§ AVAILABLE DATA:
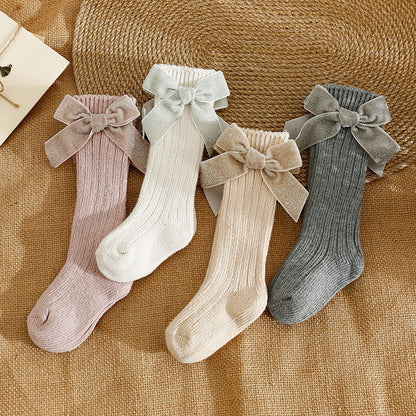 Baby Kid Girls Solid Color Bow Accessories Socks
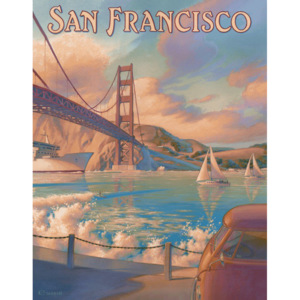 Placă metalică - San Francisco (Golden Gate Bridge)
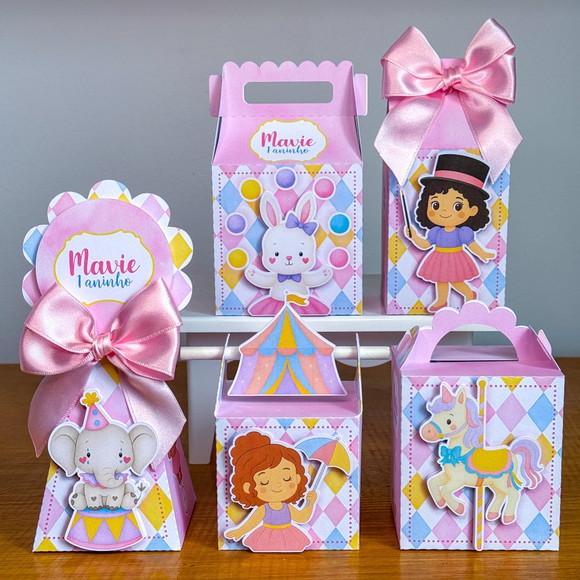Kit 50 Caixas Circo Encantado Rosa (laços) | Pegue e Monte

§ EXERCISE:
Images stay out, but the rest of the data above must be repeated exactly.

§ ANSWER AREA:
 Baby Kid Girls Solid Color Bow Accessories Socks
 Placă metalică - San Francisco (Golden Gate Bridge)
Kit 50 Caixas Circo Encantado Rosa (laços) | Pegue e Monte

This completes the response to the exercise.